Cette histoire se situe dans les Sudètes, à la frontière de la Tchéquie, dans un petit hameau qui porte en allemand, le nom de « courant d'air » parce que balayé par les vents et isolé 6 mois de l'année par la neige et par le gel. Vit dans cet hameau Janina, autrefois ingénieur de Ponts et Chaussées, mise à la retraite pour des raisons de santé. Elle vit seule et donne quelques cours d'anglais aux petites classes du bourg le plus proche. le hameau est quasi désert l'hiver, en dehors de deux voisins mâles avec lesquels Janina n'a pas trop de contacts. En revanche, elle gagne un peu d'argent en faisant le gardiennage des maisons avoisinantes; elle fait le tour des maisons avec Samouraï, le nom qu'elle a donné a sa petite et loqueteuse voiture. Parce que Janina, entre autres dons, a le chic pour affubler les gens et les choses de sobriquets qui sont vraiment trop drôles.
Autre aspect du livre qui m'a séduit, c'est l'analyse permanente à laquelle se livre Janina, ce qui donne au livre un petit air de roman philosophique avec une touche de fantastique.
Parmi les autres excentricités de cette Janina, il y a celle de vouloir établir le thème astral des gens, avec des prédictions qui ne sont pas toujours bonnes à entendre. Autre manie est d'écrire, à la moindre occasion, des lettres à l'administration parfaitement étayées pour dénoncer toutes sortes d'anomalies, spécialement lorsque on s'attaque aux animaux. Elle pense que ces animaux victimes sont parfaitement capables de rechercher une vengeance sur les humains, ce qui provoque l'hilarité générale et quelques quolibets assez méchants à son encontre. Elle fait la guerre aux chasseurs, mais quand le curé du coin est l'aumônier des chasseurs et chasse lui même…
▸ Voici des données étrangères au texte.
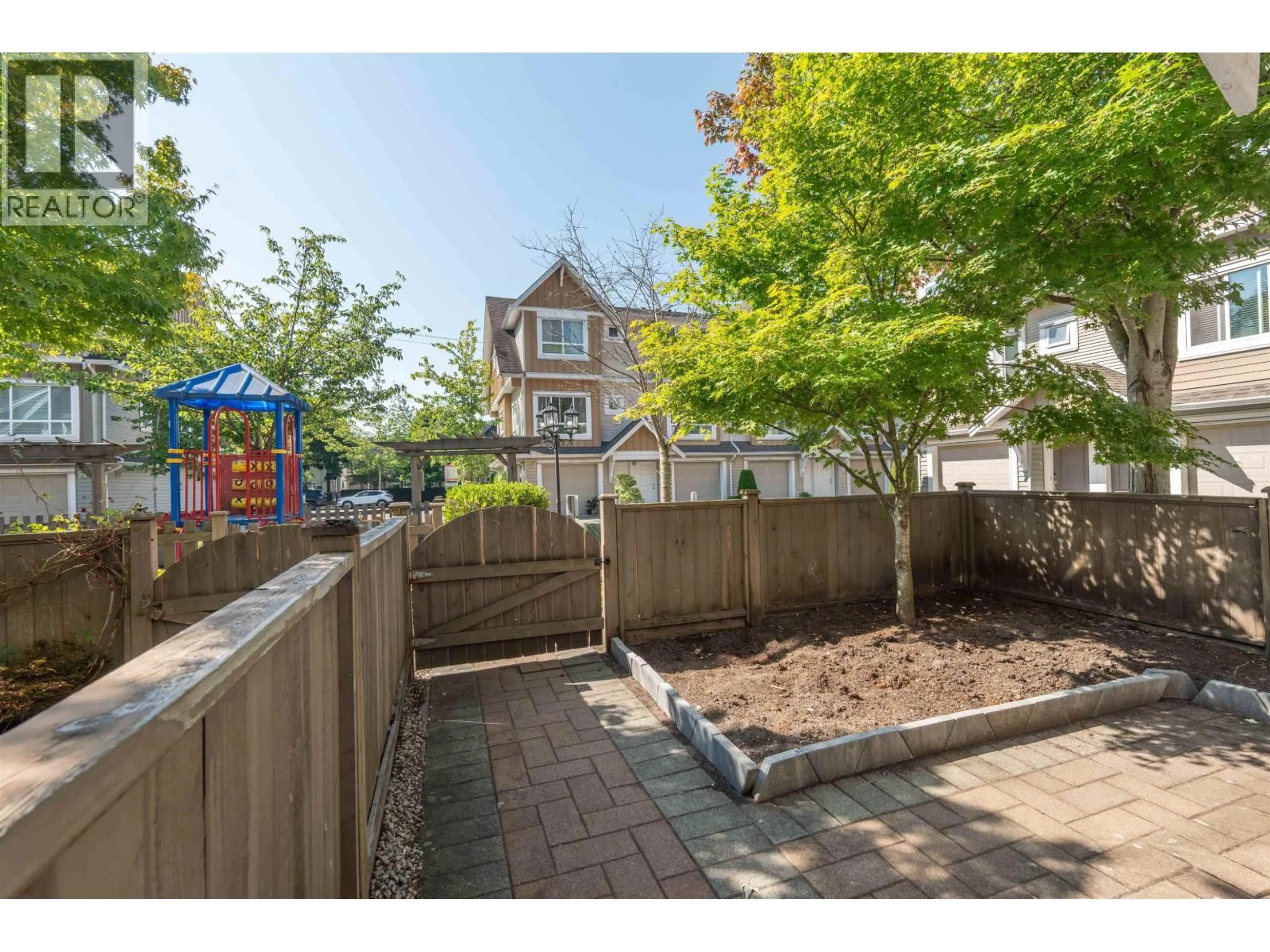 Patio, street for 5 - 9451 GRANVILLE AVENUE, Richmond British Columbia V6Y1P9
Dans ce petit bled vont se produire quelques morts suspectes, elles paraissent naturelles, mais tout de même, trop c'est trop. Il y a des scènes très cocasses, d'autres d'une rare violence. La police ne lève pas le petit doigt…et se moque ouvertement de Janina qui est très-très en colère.
Oui, Janina embête beaucoup de monde, certains la traitent de folle, de femme négligée. Il n'empêche que pendant la durée du récit (un an), elle aura deux demandes en mariage; ce n'est pas mal pour une « vieille femme toquée », tel qu'on nous la décrit.
Le livre porte un joli message enveloppé dans beaucoup de dérision tout en gardant les distances. C'est un chouette roman écoféministe.
Oui, quel bon livre. On sent, derrière l'engagement de Janina Doucheyko, le propre engagement de l'auteure qui milite activement pour les Verts depuis 2004. Elle a reçu des menaces de mort pour avoir émis quelques opinions dans un débat télévisé et il lui a fallu des gardes du corps pendant un certain temps, payés par ses éditeurs… Encore, son admiration pour
William Blake est de notoriété publique, et elle le cite longuement ici. Sa formation de psychologue ressort aussi dans une constante réflexion sur la chose humaine.
Un échantillon de l'humour de Janina Doucheynko…"je suis à présent à un âge et dans un état de santé tel que je devrais penser à me laver soigneusement les pieds avant d'aller me coucher, au cas où une ambulance viendrait me chercher en pleine nuit".